Japan In-depth / 2022年12月22日 7時0分

飯田) キャップをどうはめるかですね。


宮家) 防衛力は増やさない、増やしてはいけないのだと。だからきちんとタガをはめるのだよ……という内容なのです。「こんなことをやっていたのか」と、いま昔の文書を読み直してみると、がっかりします。


飯田) 防衛力は増やしてはいけないと。


宮家) 逆に言えば、やっと日本にも「戦略」ができたということです。すなわち国益が決まり、脅威認識もできました。いままでの手段は外交と防衛だけだったけれど、当然のことですが、今後は経済安全保障やサイバーまで入ってきて、総合的にやるということです。当然の話です。それがあって、今度は国家防衛戦略を……。


飯田) いまおっしゃったのは国家安全保障戦略。


宮家) これまでは国家安全保障戦略の話です。そして、これを具体化するものとして国家防衛戦略があり、今度は防衛の目標を設定する。以前は防衛の目標も明確には設定していなかったのですから。


飯田) 防衛計画の大綱のなかには目標がなかった。


宮家) 少なくとも目に付くところには書いてありません。


飯田) パラグラフにとっていなかった。


宮家) 3つ目の防衛力整備計画は、「中期」がとれてしまっているけれど、実際にはこれが昔の「大綱」に相当します。何を保有すべきなのか、10年間でどうするのか、5ヵ年計画でどうするか、等々が書いてある。今までは最後の「防衛力整備計画」しかなかった、というか、つくっていなかったということです。


飯田) よくメディアでは、「防衛計画の大綱は名前を変えて国家防衛戦略にします」とか、「中期防の名前を変えて防衛力整備計画にします」などと言われていたのですけれど、まったく概念が違いますね。

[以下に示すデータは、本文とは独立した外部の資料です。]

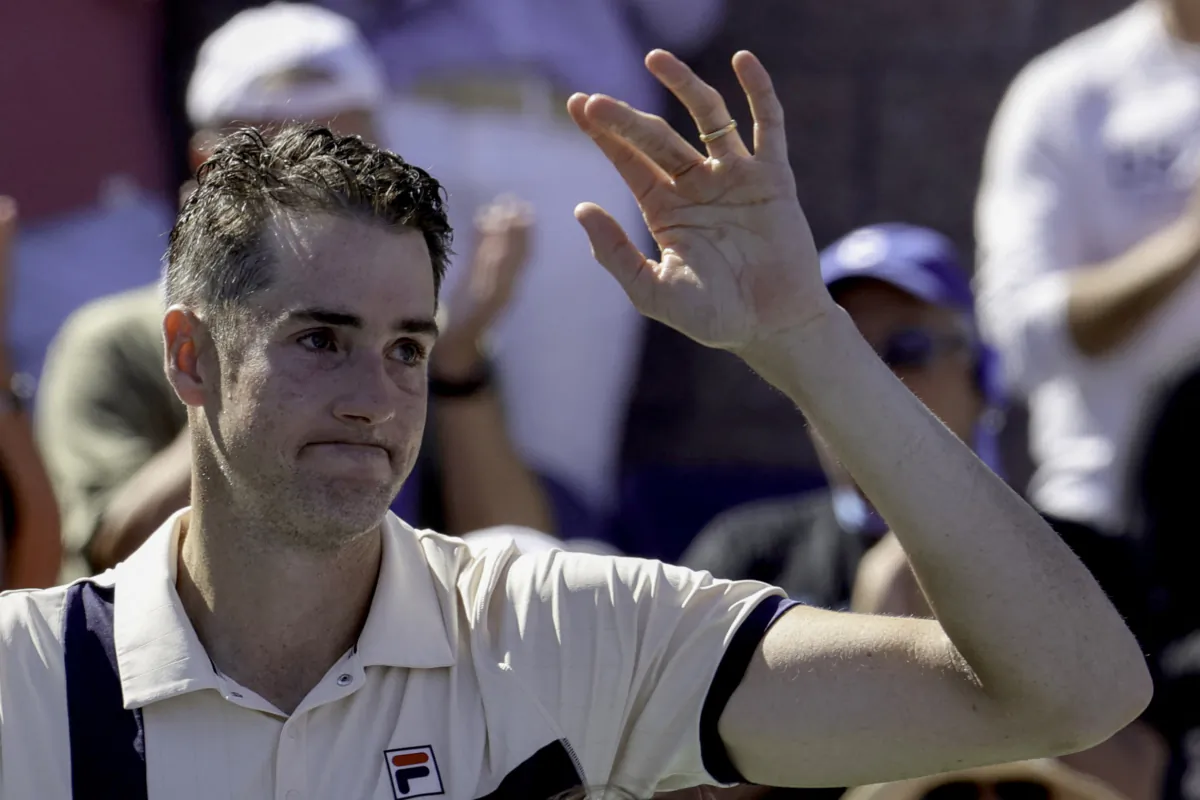 USA's John Isner waves after losing against USA's Michael Mmoh during the US Open tennis tournament men's singles second round match at the USTA Billie Jean King National Tennis Center in New York City, on August 31, 2023. (Kena Betancur/AFP via Getty Images)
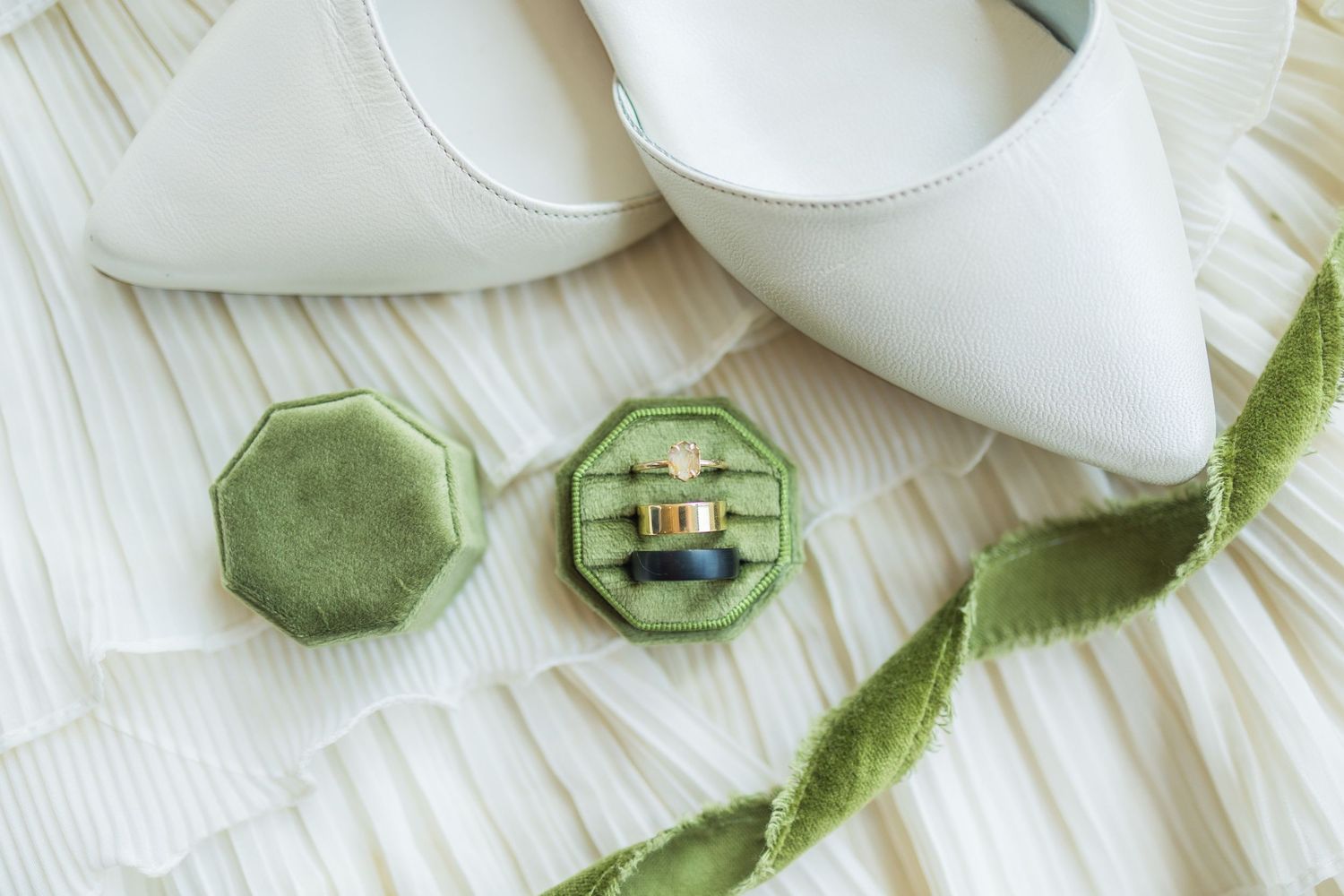 Green velvet octagonal ring box with wedding bands beside white bridal heels on pleated fabric.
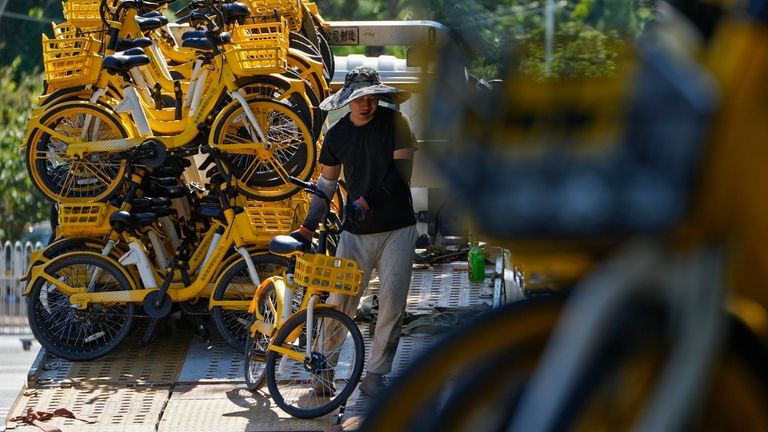 A worker loads shared bikes from a truck on a...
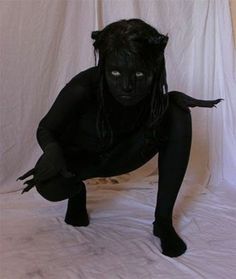 a woman with black makeup and cat ears on her head crouches down in front of a white backdrop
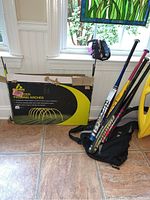 Photo showing five aluminum softball bats held upright in a black carrying bag, with a box of soccer passing arches next to them on a tiled floor by windows.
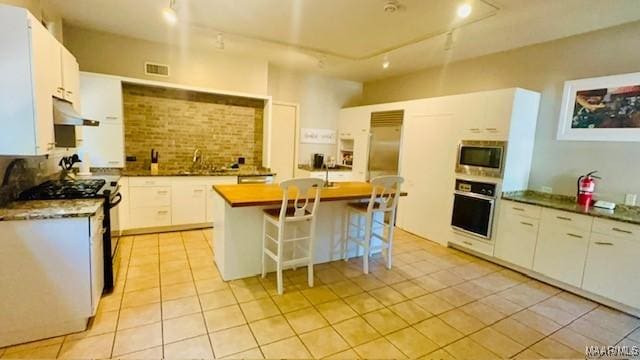kitchen featuring visible vents, appliances with stainless steel finishes, under cabinet range hood, rail lighting, and light tile patterned floors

宮家) 日本もやっと普通の国になったのです。普通の国の、普通の国家安全保障戦略ができて、その安全保障戦略に基づいて国家防衛戦略、国防戦略ができて、整備計画ができる。その上で来年(2023年)どうするのかが決まっていくのです。


飯田) 普通の国になった。


宮家) いままでこうはやれなかったのです。2013年に国家安全保障戦略はできましたけれど、当時はとにかく国家安全保障会議(NSC)をつくったあとですから。2013年の段階では、「どうやって日本のNSCを運用するか」ということで精一杯だったのでしょう。


飯田) NSCをどう運用するかで。


宮家) つくったはいいけれど、防衛戦略もなかった。その意味では、日本もようやくしっかりとした戦略ができて、それを具体化する手段が出てきているという意味では、画期的なことですよ。